▶ WHAT TO PRODUCE:
The answer is the line with "Disaster Deferred: A" and every line after it to the end of the listing, retyped exactly. Pictures do not belong in it.
────
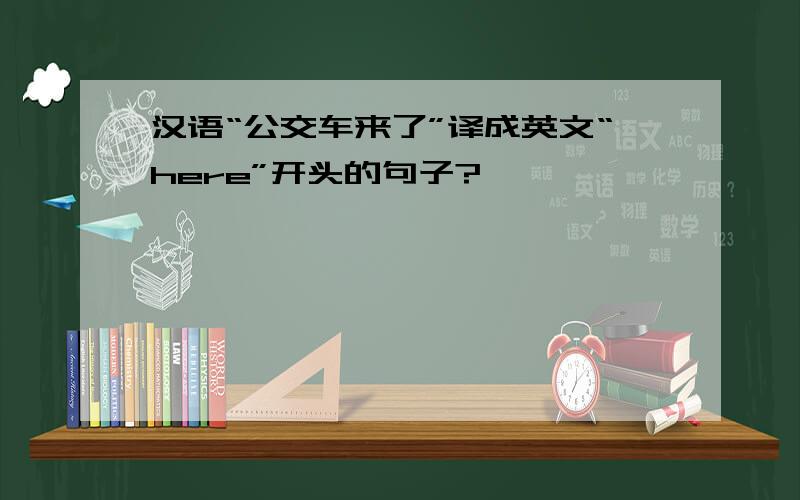 汉语“公交车来了”译成英文“here”开头的句子?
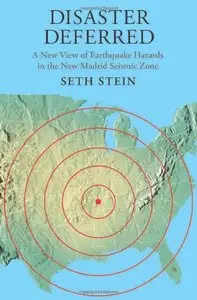 Disaster Deferred: A New View of Earthquake Hazards in the New Madrid Seismic Zone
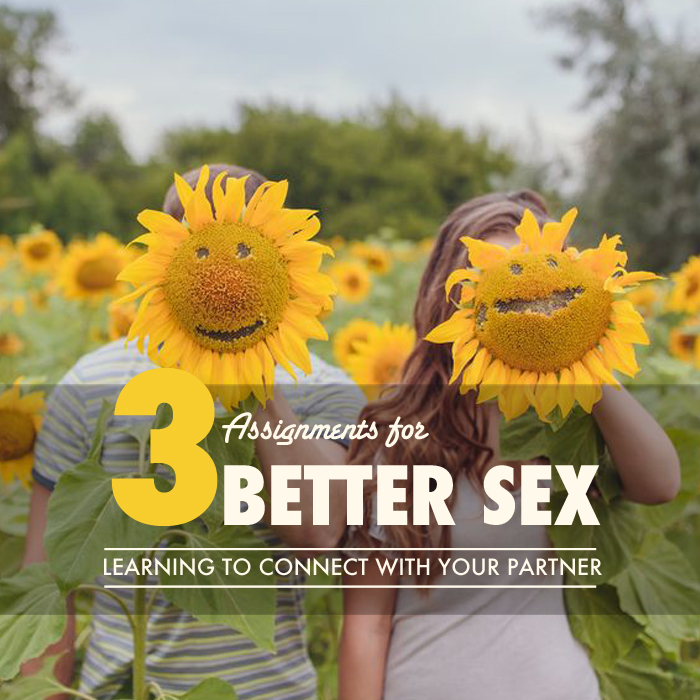 3 Assignments For Better Sex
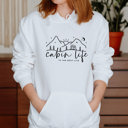 Small White Cabin Life Is The Best Life Hoodie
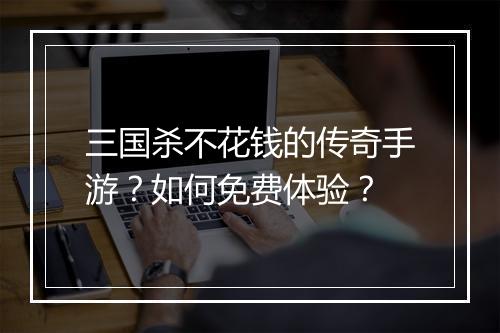 三国杀不花钱的传奇手游？如何免费体验？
────
▶ SOLUTION TO THIS TASK:
 Disaster Deferred: A New View of Earthquake Hazards in the New Madrid Seismic Zone
 3 Assignments For Better Sex
 Small White Cabin Life Is The Best Life Hoodie
 三国杀不花钱的传奇手游？如何免费体验？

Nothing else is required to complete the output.